Copy only the lines from the one containing "Men's Full Size" through the final line of the records below, exactly as written, with no pictures.

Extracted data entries
────────────────────────────────────────

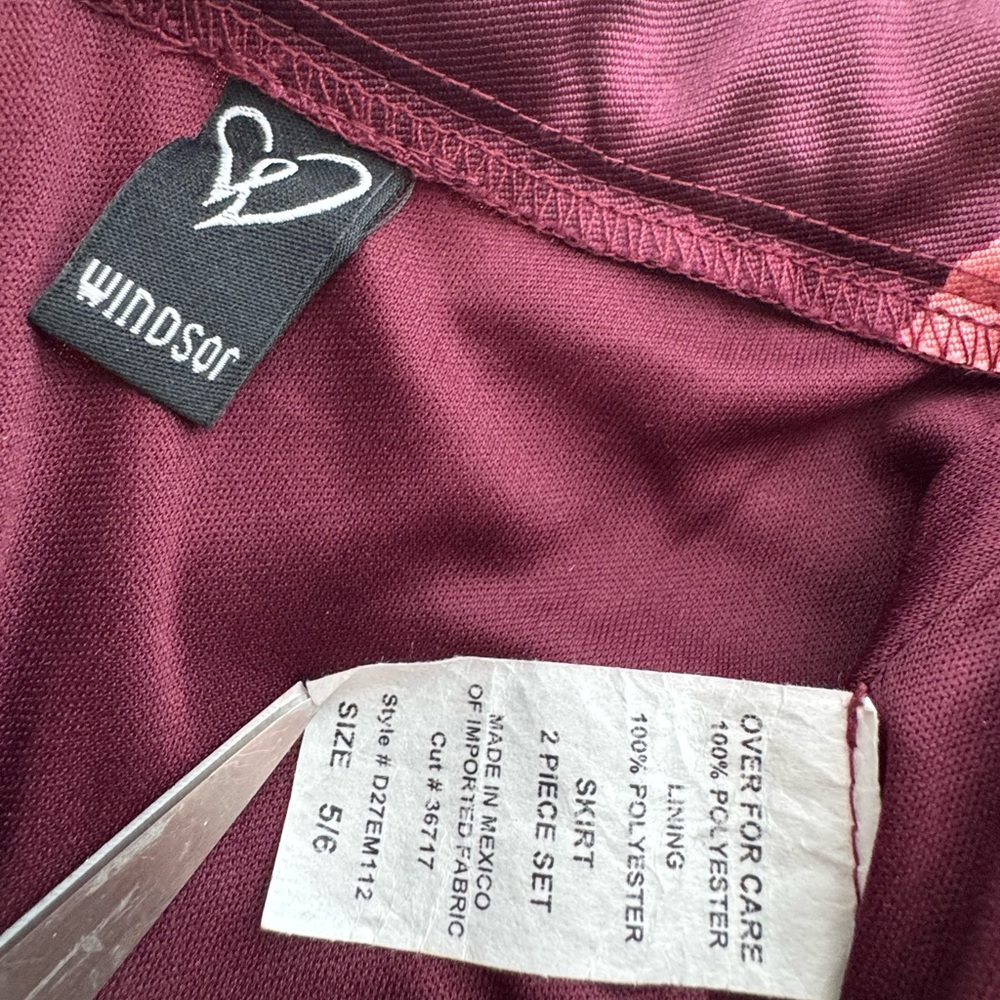 Windsor Floral Satin Cottagecore Maxi Skirt Burgundy Pink A-Line Balletcore Fall - Picture 5 of 7
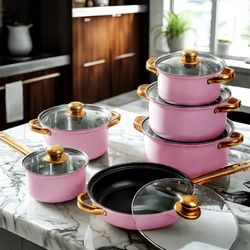 Pink 12pcs stainless steel cookware set, non-stick cookware set, Heat resistant, frying pan, Pan, saucepan, versatile, stylish, durable, suitable for 
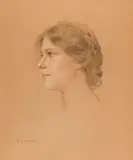 Friedrich August von Kaulbach, Porträt einer jungen Frau im Profil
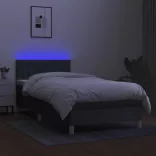 sötétszürke szövet rugós és LED-es ágy matraccal 90x190 cm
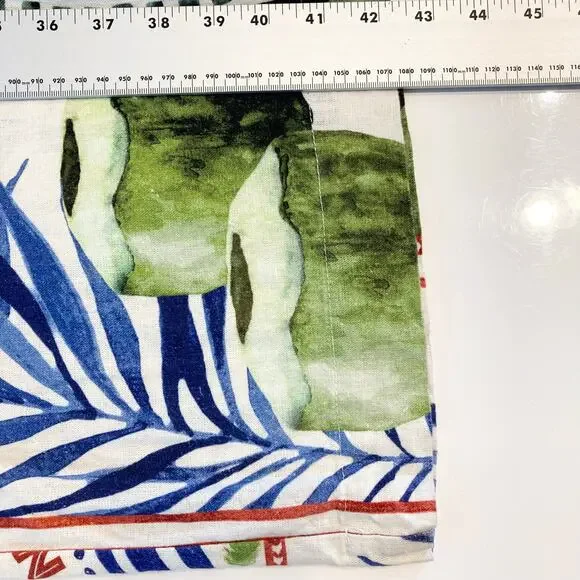 Nwot RACHEL ZOE Pants Women M Linen Tropical-Art Beaded-Tassels Multi Wide-Leg - Picture 10 of 12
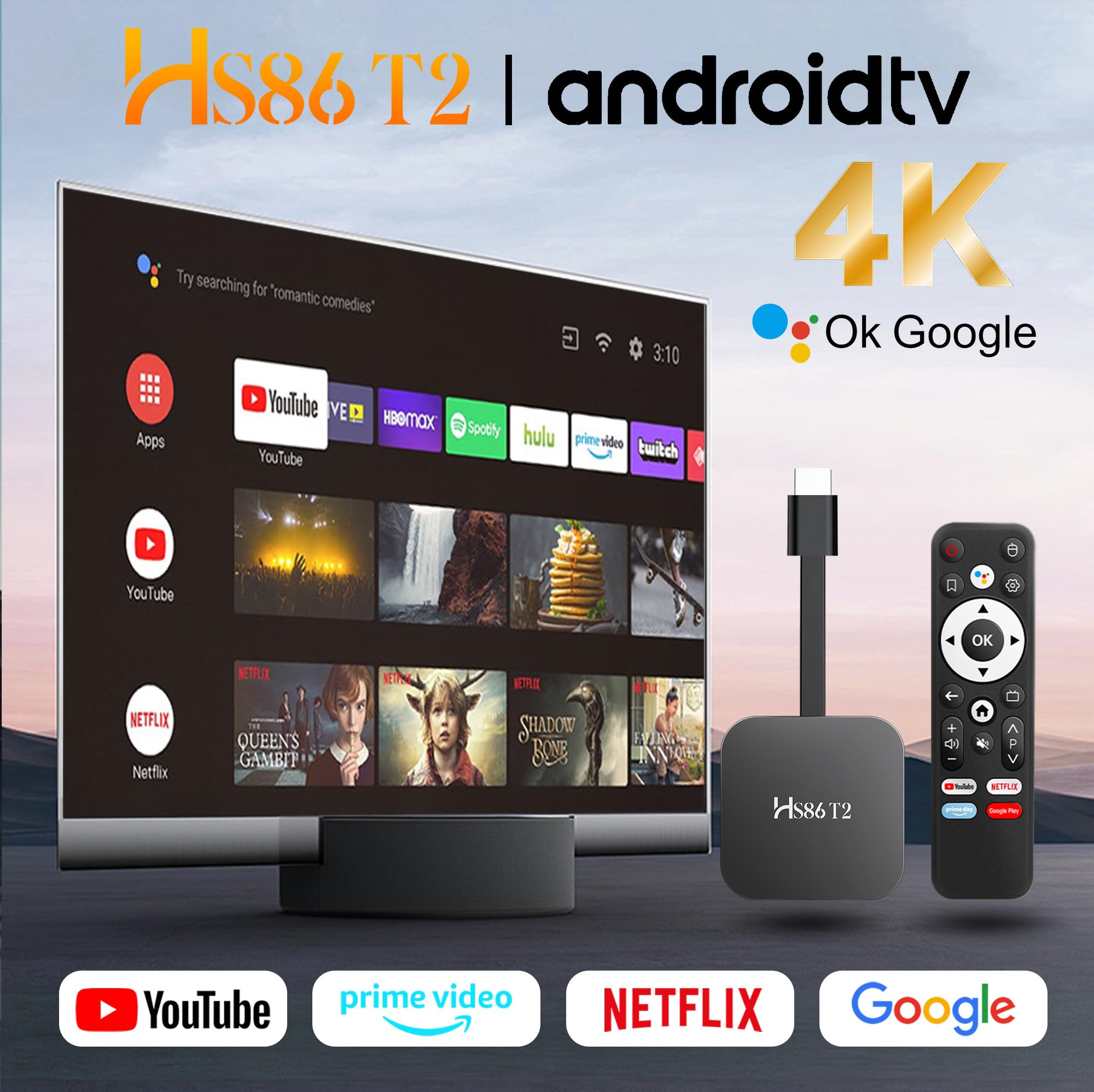 Android TV Stick 14.0, Smart TV Stick 2 Go de RAM, 16 Go de ROM, puce RK3518, double WiFi 2,4 G/5,8 G, BT5.0, HDMI 2.0 et HD 4K, télécommande vocale, prise en charge vidéo et audio Noir 2026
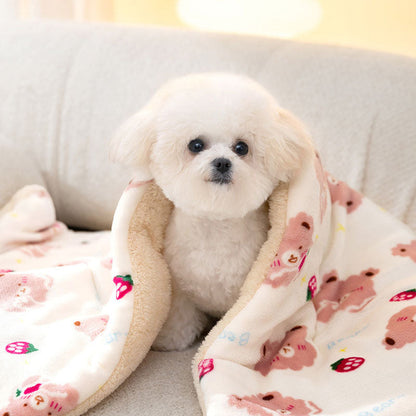 Cartoon Style Flannel Dog Blanket For Dogs Cats canrusupet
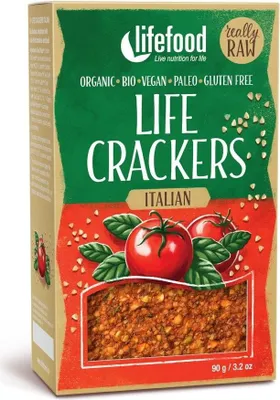 KRAKERSY GRYCZANE Z SUSZONYMI POMIDORAMI I BAZYLIĄ RAW BEZ DODATKU CUKRÓW BEZGLUTENOWE BIO 90 g - LIFEFOOD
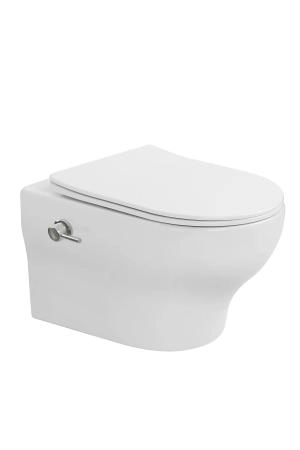 унитаз подвесной Boheme с функцией биде FIORE Белый глянец c крышкой, функция Торнадо 978-SET-2-W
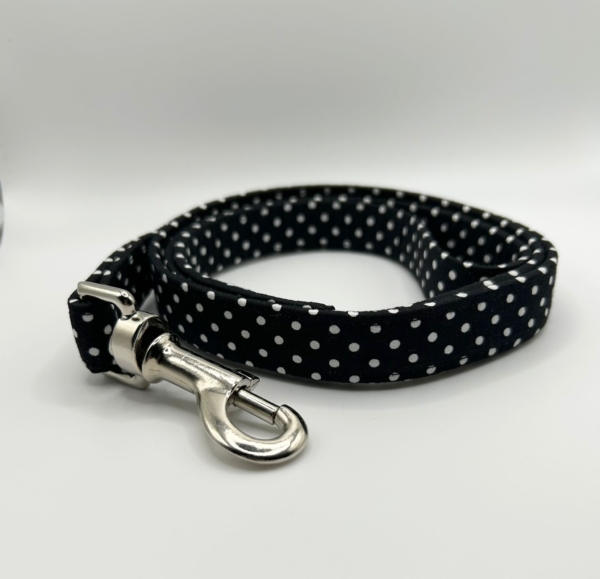 Black With Tiny White Spots Dog Lead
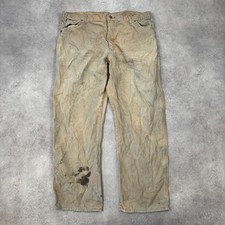 Dickies Trousers Mens 42" Work Carpenter Workwear Distressed Pants, Beige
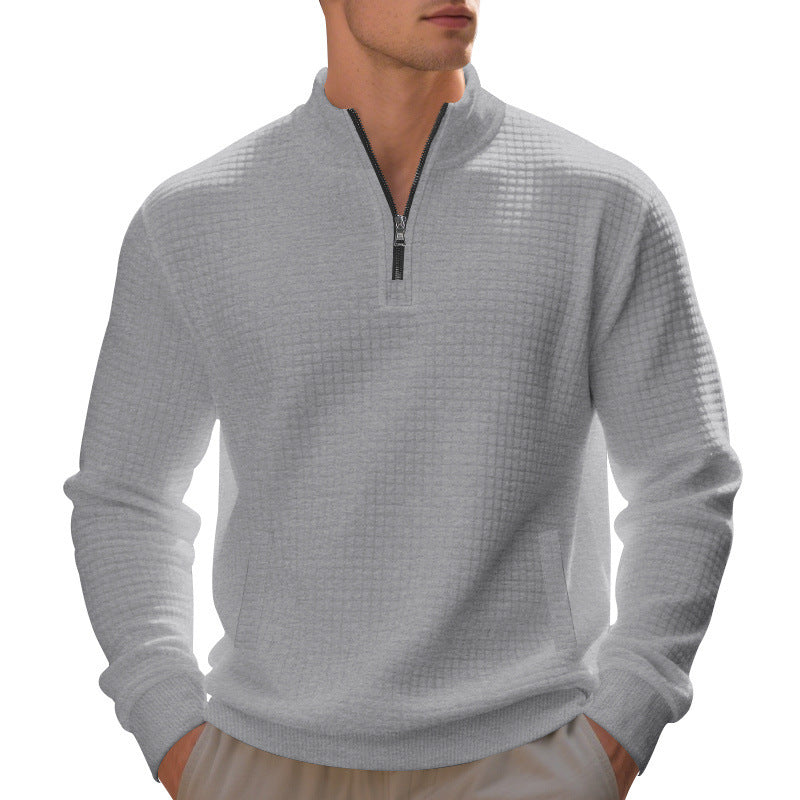 Sporty pullover for men with zipper and textured surface Lune London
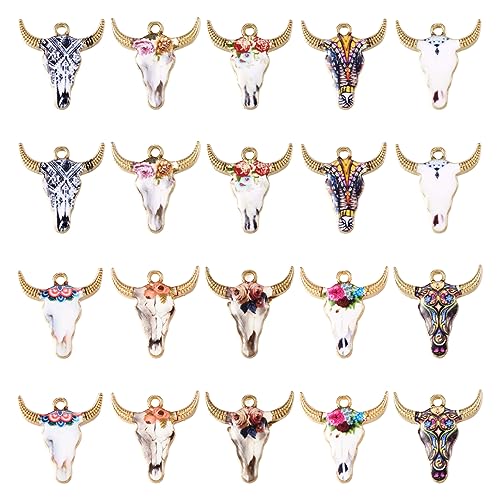 Spritewelry 20 dijes esmaltados de cabeza de ganado de 10 estilos, colgantes de flores, vaca, ganado, forma de cabeza de buey, dijes de animales para aretes, collares, pulseras, llaveros, joyería y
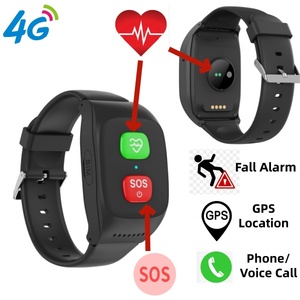 Montre intelligente 4G pour personnes âgées avec suivi GPS, appels téléphoniques, moniteur de fréquence cardiaque, étanche, détection de chute, bracelet de montre SOS pour personnes âgées - Product Image 1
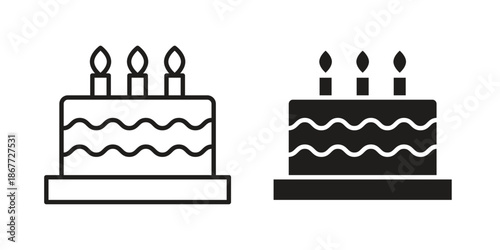 Cake icons on white background. EPS 10. Editable linear style stroke. Vector icon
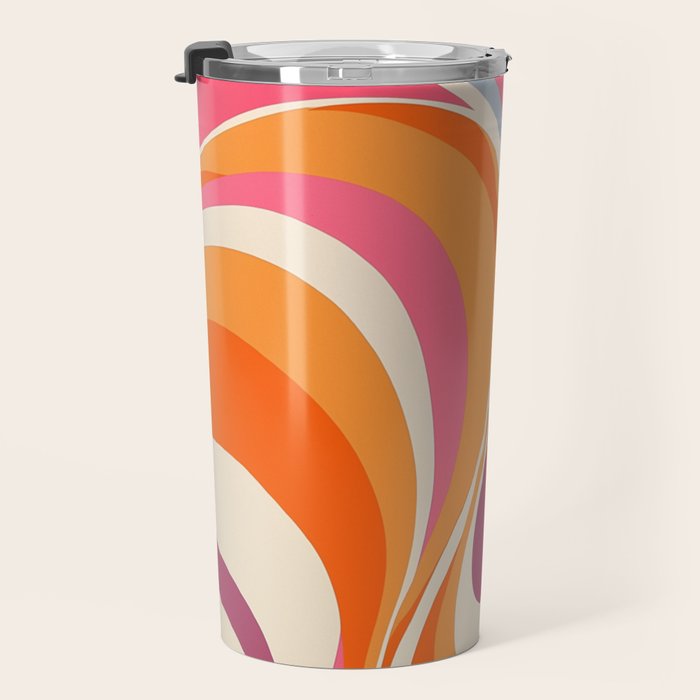 Abstract Swirl Groovy Retro 70s Travel Mug Gallery Image 3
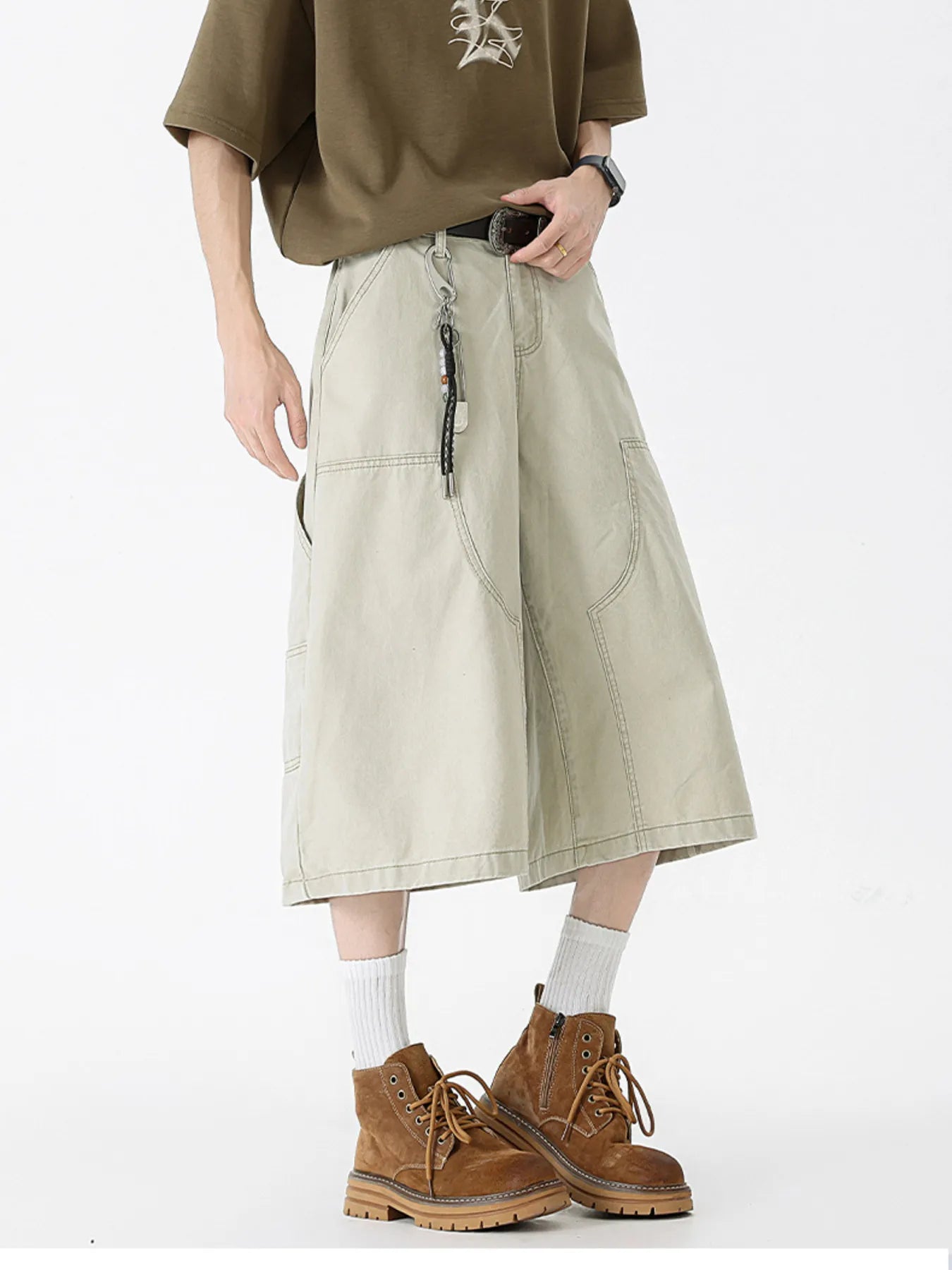 Men's Full Size Wide Leg Cargo Denim Shorts Plus Size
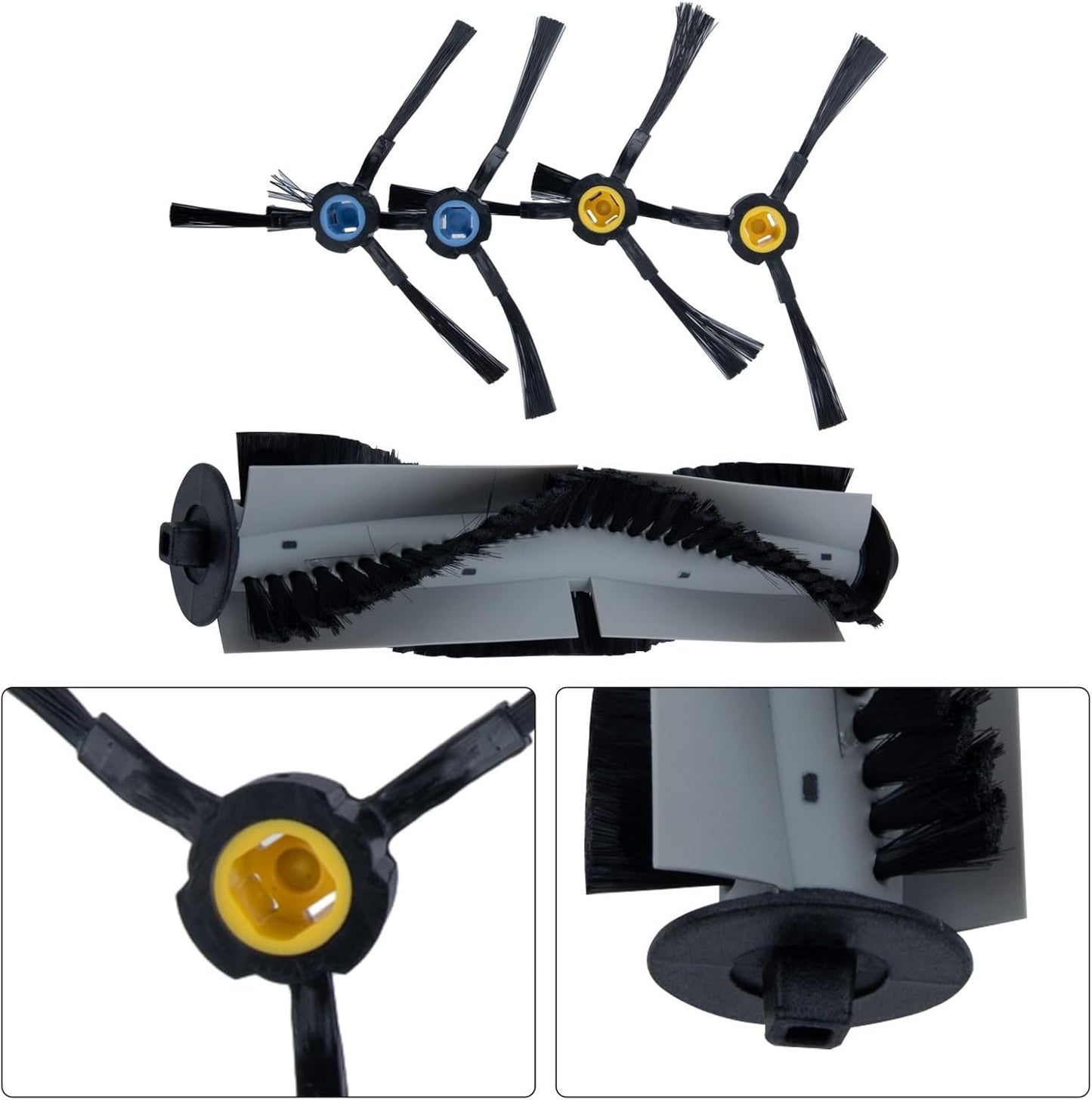 Jonikuper Essential Cleaning Tools - Set di spazzole a rullo di ricambio e spazzole laterali per Silvercrest SSR1 SSRA1, compatibile con modelli di ricambio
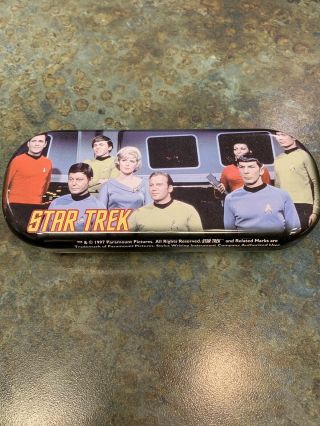 Rare 1997 Star Trek (cast) Pen In Metal Tin Box W/ Logo Clip
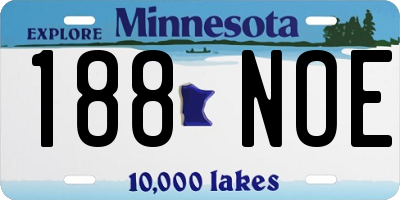 MN license plate 188NOE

────────────────────────────────────────

Result of the exercise:
 Men's Full Size Wide Leg Cargo Denim Shorts Plus Size
 Jonikuper Essential Cleaning Tools - Set di spazzole a rullo di ricambio e spazzole laterali per Silvercrest SSR1 SSRA1, compatibile con modelli di ricambio
 Rare 1997 Star Trek (cast) Pen In Metal Tin Box W/ Logo Clip
 MN license plate 188NOE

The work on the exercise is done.